— PROMPT —
Only the line with "dungeons and dragons nerd GIF by Alpha" and the lines after it, to the end of the data, should appear in the answer, each reproduced exactly.
•••
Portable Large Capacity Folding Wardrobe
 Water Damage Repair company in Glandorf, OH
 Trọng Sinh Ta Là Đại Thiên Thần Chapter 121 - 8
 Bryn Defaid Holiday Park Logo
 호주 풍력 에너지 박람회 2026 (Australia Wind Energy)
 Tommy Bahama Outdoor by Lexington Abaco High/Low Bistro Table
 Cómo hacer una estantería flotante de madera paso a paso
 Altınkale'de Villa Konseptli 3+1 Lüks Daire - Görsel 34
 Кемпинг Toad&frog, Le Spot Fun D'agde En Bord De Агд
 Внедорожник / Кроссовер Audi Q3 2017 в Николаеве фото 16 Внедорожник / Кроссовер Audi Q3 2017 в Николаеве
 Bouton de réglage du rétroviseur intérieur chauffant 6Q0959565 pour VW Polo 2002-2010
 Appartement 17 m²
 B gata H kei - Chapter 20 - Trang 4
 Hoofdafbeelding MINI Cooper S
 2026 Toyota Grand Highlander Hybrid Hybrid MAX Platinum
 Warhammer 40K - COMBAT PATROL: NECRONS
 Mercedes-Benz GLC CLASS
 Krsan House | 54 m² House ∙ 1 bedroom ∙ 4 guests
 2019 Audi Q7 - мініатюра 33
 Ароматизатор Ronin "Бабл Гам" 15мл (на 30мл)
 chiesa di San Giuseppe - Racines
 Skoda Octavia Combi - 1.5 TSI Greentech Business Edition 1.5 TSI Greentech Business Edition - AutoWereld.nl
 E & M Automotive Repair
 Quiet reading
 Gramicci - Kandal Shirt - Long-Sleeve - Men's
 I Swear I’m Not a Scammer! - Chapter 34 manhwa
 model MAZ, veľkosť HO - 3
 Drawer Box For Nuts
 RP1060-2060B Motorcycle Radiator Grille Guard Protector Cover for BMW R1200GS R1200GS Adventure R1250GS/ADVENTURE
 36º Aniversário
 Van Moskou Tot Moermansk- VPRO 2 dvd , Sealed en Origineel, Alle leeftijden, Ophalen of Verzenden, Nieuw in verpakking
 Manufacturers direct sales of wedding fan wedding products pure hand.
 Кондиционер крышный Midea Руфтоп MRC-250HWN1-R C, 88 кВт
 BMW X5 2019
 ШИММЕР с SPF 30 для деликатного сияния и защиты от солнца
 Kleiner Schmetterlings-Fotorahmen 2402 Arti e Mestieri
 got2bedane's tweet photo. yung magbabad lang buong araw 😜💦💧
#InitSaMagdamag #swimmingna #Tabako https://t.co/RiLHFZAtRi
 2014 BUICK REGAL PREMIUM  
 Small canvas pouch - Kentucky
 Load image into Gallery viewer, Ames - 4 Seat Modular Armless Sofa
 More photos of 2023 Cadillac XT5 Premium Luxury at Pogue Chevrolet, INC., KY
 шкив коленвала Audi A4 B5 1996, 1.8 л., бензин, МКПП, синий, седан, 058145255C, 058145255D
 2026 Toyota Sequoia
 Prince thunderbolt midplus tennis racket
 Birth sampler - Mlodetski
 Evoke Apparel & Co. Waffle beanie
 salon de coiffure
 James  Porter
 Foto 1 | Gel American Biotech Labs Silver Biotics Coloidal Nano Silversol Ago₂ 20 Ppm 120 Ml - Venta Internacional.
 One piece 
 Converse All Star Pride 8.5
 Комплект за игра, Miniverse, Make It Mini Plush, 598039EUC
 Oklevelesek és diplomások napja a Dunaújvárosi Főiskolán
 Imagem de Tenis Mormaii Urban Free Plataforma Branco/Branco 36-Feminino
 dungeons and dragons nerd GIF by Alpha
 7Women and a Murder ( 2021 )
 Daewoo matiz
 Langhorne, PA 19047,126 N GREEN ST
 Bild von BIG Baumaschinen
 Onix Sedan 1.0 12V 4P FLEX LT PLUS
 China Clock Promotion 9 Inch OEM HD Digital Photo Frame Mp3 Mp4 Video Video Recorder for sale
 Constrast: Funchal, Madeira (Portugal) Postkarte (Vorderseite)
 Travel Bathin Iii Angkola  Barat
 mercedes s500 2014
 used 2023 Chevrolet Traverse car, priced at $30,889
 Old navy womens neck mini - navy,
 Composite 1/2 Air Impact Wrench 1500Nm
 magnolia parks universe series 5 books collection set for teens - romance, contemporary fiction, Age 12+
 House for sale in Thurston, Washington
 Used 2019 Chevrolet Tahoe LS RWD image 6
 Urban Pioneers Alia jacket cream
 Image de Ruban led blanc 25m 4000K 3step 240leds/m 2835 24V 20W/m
•••
— TASK SOLUTION —
 dungeons and dragons nerd GIF by Alpha
 7Women and a Murder ( 2021 )
 Daewoo matiz
 Langhorne, PA 19047,126 N GREEN ST
 Bild von BIG Baumaschinen
 Onix Sedan 1.0 12V 4P FLEX LT PLUS
 China Clock Promotion 9 Inch OEM HD Digital Photo Frame Mp3 Mp4 Video Video Recorder for sale
 Constrast: Funchal, Madeira (Portugal) Postkarte (Vorderseite)
 Travel Bathin Iii Angkola  Barat
 mercedes s500 2014
 used 2023 Chevrolet Traverse car, priced at $30,889
 Old navy womens neck mini - navy,
 Composite 1/2 Air Impact Wrench 1500Nm
 magnolia parks universe series 5 books collection set for teens - romance, contemporary fiction, Age 12+
 House for sale in Thurston, Washington
 Used 2019 Chevrolet Tahoe LS RWD image 6
 Urban Pioneers Alia jacket cream
 Image de Ruban led blanc 25m 4000K 3step 240leds/m 2835 24V 20W/m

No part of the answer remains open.